Similarly, the regulations fail to specify where and in what form the 2257 notice must appear in compilation tapes/DVDs of sexually explicit scenes from different video features, each of which would have a different date of production (another impermissibly vague term, the answer also argues).

Finally, plaintiffs argue that a summary judgment in the case would leave open the important Fifth Amendment and privacy claims of both production companies and performers.

"Plaintiffs challenge the fact that §2257 permits the Government to use inspected and seized records in obscenity and child pornography prosecutions as Fifth Amendment violation," the answer to the motion for summary judgment reads.

After dealing with the Justice Department's contention that plaintiffs have no standing to challenge that aspect of the 2257 regulations because no one has yet been charged under the Act, the plaintiffs continue, "The Government also claims that there is no credible threat that Free Speech Coalition’s members will be prosecuted for child pornography or obscenity. This assertion, too, flies in the face of reality. In 2003, the United States initiated a ten-count obscenity prosecution against Extreme Associates, Inc., one of the country’s larger and more high-profile producers of sexually explicit materials. More recently, the federal government has charged a well-known adult bookstore chain and its owner with obscenity offenses, as well as also increasing its budget to combat child pornography and obscenity on the Internet." [Citations removed.]

Plaintiffs are also concerned about the right of privacy that performers are required to give up under the regulations when they provide photo IDs that contain their real names, birth dates and home addresses, making them ripe for identity theft regardless of the safeguards claimed by the government for such records.

"Section 2257 and its implementing regulations threaten to jeopardize the personal privacy of performers by mandating disclosure of highly personal information to countless third parties beyond the performers' sphere of influence," plaintiffs argue. "The Government attempts to defeat this claim by arguing that primary producers may redact the month and day of birth as well as the residential addresses of performers from their driver’s licenses prior to transferring the records to secondary producers. There is nothing in either §2257 or the implementing regulations that permit such an action."

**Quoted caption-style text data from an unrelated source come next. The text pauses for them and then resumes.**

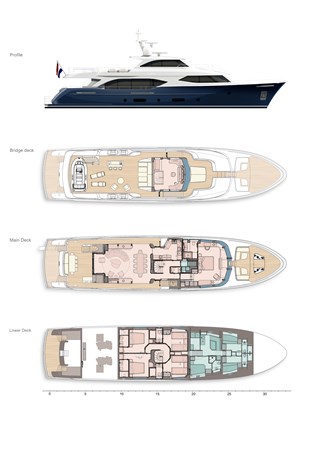 Plan # 1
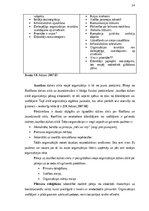 Referāts 'Biznesa inkubatora loma organizācijas attīstības veicināšanā: SIA Intelligent Co', 14.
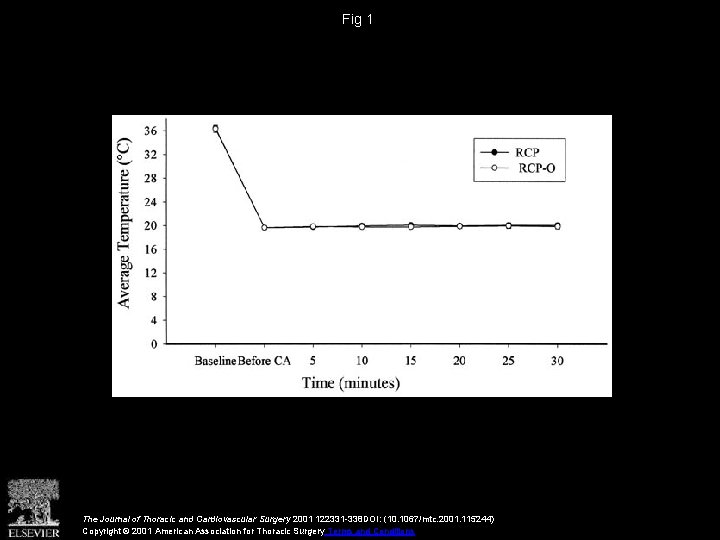 Fig 1 The Journal of Thoracic and Cardiovascular Surgery 2001 122331 -338 DOI: (10.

Considering that it took five months for Judge Walker to issue his preliminary injunction in this case, it's unclear when a decision on the government's summary judgment motion will come down, but the likelihood is that the motion will be rejected for some or all of the reasons set forth in FSC's answer. In the meantime, the ban on the recordkeeping requirements for both video and Internet "secondary producers" as well as the recording requirement for live Webcam shows remains in effect for Free Speech members – and so far, the government has maintained its current 16 year record of no inspections of adult producer records under this "vitally important regulation."